What is the Statute of Limitations?
The Internal Revenue Code limits the time in which the government may assess tax. There are two civil statutes of limitations. The first is the period during which the IRS can assess an additional tax liability (including penalties and interest). The second is the period during which the IRS can collect a tax that has been assessed. The criminal statute of limitations is the period during which the IRS can criminally prosecute. Generally, as to tax crimes, the criminal statute of limitations is six years. (Section 6531)
The application of the statute of limitations can be very confusing and individual facts may determine how the statute of limitations is computed. Also, certain actions suspend the statute of limitations.
What Begins the Running of the Statute of Limitations?
The Filing of a tax return. The IRS assesses taxes shown on a return that is filed. The return filing date begins the statute of limitations for assessments and for the IRS to collect taxes, if the taxes are not paid at the time the return is filed.
Failure to file a tax return can result in a taxpayer incurring possible civil and criminal penalties. If a tax return is not filed, then the IRS may:
- Make a return for the taxpayer under the Code.
- Invoke deficiency procedures. The type of taxes subject to these procedures include income, estate and gift tax returns.
An Assessment by the IRS
An assessment results when the liability of a taxpayer is recorded in the office of the Secretary of the Treasury. The assessment establishes the right of the IRS to collect the tax. No lien or levy can be made without an assessment. Assessments are authorized by Internal Revenue Code.
Types of Assessments
- Summary – A summary assessment is when the amount shown on the tax return is assessed.
- Deficiency – The deficiency is the amount determined by examination under the IRC.
Statutory Notice of Deficiency (90-Day Letter)
Prior to making assessments for income, estate, and gift taxes, the IRS must send a 90-day letter stating the amount of the deficiency and setting forth the computation of deficiency.
The letter must be sent by certified or registered mail to the last known address of the taxpayer.
When are Returns Deemed to be Filed?
A tax return filed before the due date is deemed to be filed on the due date.

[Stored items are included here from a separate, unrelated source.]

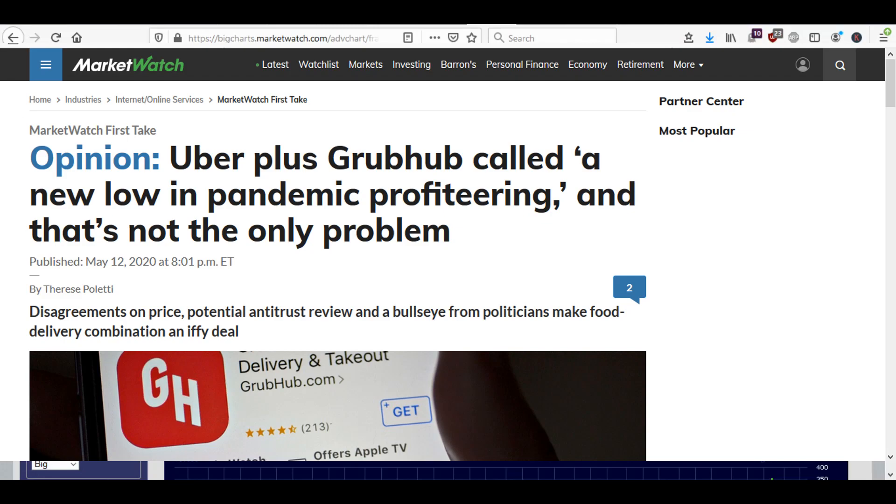That's my video on Uber's potential purchase of Grubhub. I hope you liked this video. If you did, give me a thumbs up and leave me a comment if you think that this merger is a good idea and if it will start making money sometime in the future, this food delivery business for Uber and Grubhub combined. And if you haven't subscribed already, please subscribe. Thank you for watching.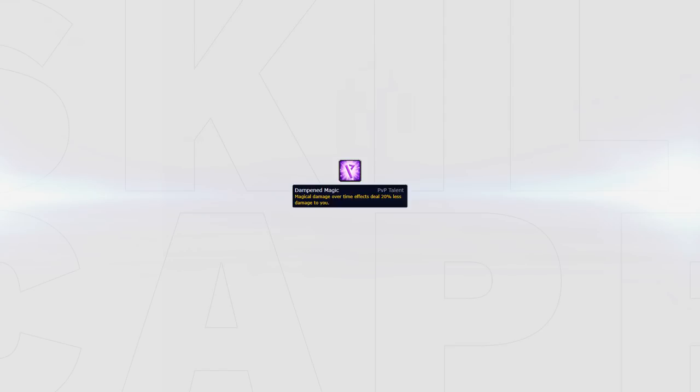Finally, Dampened Magic can be taken when versus DoT classes such as Affliction Locks and Shadow Priests. This talent will passively reduce the overall pressure.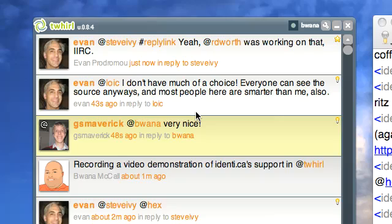I encourage you to sign up. My ID on Identica is Buona, of course. That's I-D-E-N-T-I dot C-A slash Buona. You can add me and there's a feature to automatically add you back as a friend — that's another cool thing in Identica. This is Buona from Buona.TV, and enjoy Twirl for Identica.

An individual tax return filed before April 15 is deemed to be filed on April 15 and not the date that it was filed. If the tax return is filed after its due date, then it is deemed to be filed on the date it is filed.
Summary of Relevant Statute of Limitations
- Time for Making Assessment – Generally the statute of limitations for making an assessment is three years from the later of the due date of the tax return or the date it was filed. Exceptions to the three-year rule where there is no statute of limitations:
- Fraudulent return – An assessment may be made at any time if the IRS can prove a fraudulent return.
- Willful attempt to evade tax – In case of a willful attempt in any manner to defeat or evade a tax, the tax may be assessed, or a proceeding in court for the collection of such tax may be begun without assessment, at any time.
- No return filed – In the case of failure to file a return, the tax may be assessed, or a proceeding in court for the collection of such tax may be begun without assessment.
- Substantial omission – If the taxpayer omits from gross income an amount properly inculpable therein which is more than 25 percent of the amount of gross income stated in the return, the tax may be assessed, or a proceeding in court for the collection of such tax may be begun without assessment, at any time within six years after the return was filed.
Extending the Statute of Limitations
Consent forms may extend the statute of limitations to a specific date or indefinitely. Several consent forms have a related termination form which revokes the extension. The following are some of the consents and termination forms used to extend the statute expiration date:
- Form 872, Consent to Extend the Time to Assess Tax.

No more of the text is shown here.